5.ADEA Release. Executive acknowledges that upon execution of this Agreement and the expiration of the Revocation Period (as hereafter defined) Executive is waiving and releasing any rights and/or claims for age discrimination under the Age Discrimination in Employment Act of 1967 in exchange for the Severance Amount set forth in Section 3.B. of this Agreement. Pursuant to the Older Workers’ Benefits Protection Act, Executive is advised of, and acknowledges, the following: (1) this Agreement is written in a manner that you understand; (2) you are receiving valid consideration for this Agreement in addition to anything of value to which you are already entitled; (3) this Agreement does not waive rights or claims that may arise after it is executed; (4) by signing this Agreement, you are waiving rights under the Age Discrimination in Employment Act; (5) you should consult with an attorney before signing this Agreement; and (6) you have been provided the time periods to consider and revoke this Agreement set forth in Sections 9 and 10, below.
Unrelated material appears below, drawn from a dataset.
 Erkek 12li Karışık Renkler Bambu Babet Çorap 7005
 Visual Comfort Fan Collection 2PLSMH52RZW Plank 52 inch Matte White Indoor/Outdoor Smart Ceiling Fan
6.Section 1542 Waiver. It is understood and agreed that this is a full and final release by Executive covering all known, unknown, anticipated, and unanticipated injuries, debts, claims, or damages. Executive, on behalf of Executive and Executive’s representatives, heirs, successors, and assigns, hereby waives any and all rights or claims which Executive may now have, or in the future may have, under the terms of Section 1542 of the California Civil Code, which provides as follows:
"A general release does not extend to claims which the creditor or releasing party does not know or suspect to exist in his or her favor at the time of executing the release and that, if known by him or her, would have materially affected his or her settlement with the debtor or release party."
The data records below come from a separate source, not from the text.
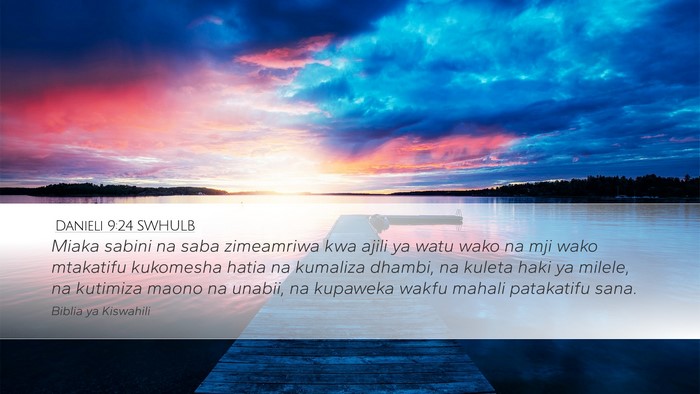 Danieli 9:24 SWHULB Bible Verse Image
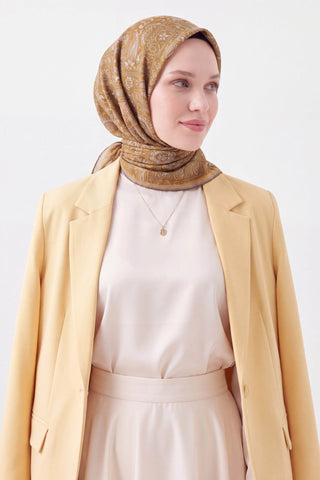 Soft Eşarp Etnik Olive - Soft Eşarp - | Silk Home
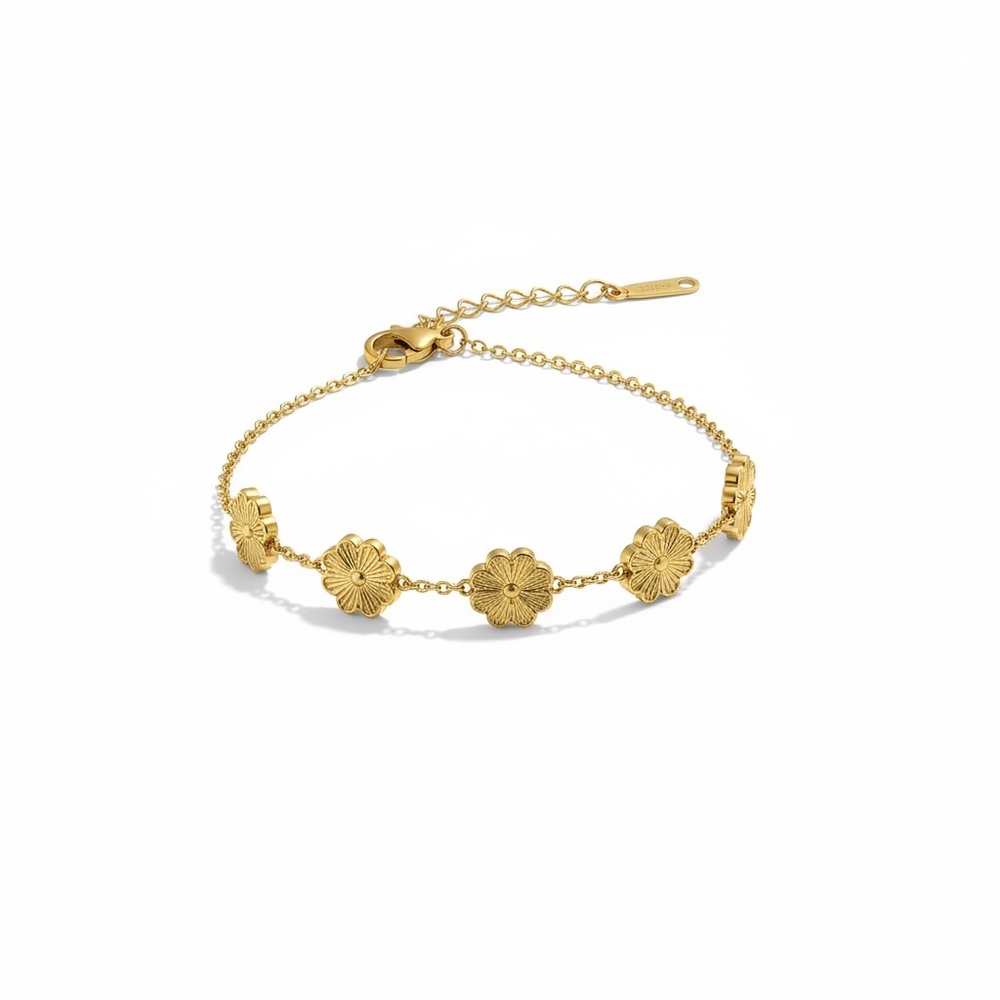 5 Charm Clover Bracelet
In connection with such waiver and relinquishment, Executive hereby acknowledges that Executive may hereafter discover claims or facts in addition to, or different from, those which Executive now knows or believes to exist, but that Executive expressly agrees to fully, finally and forever settle and release any and all claims, known or unknown, suspected or unsuspected, which exist or may exist on Executive’s behalf against the Released Parties at the time of execution of this Release, including, but not limited to, any and all claims relating to or arising from Executive’s employment with the Company or the cessation of that employment.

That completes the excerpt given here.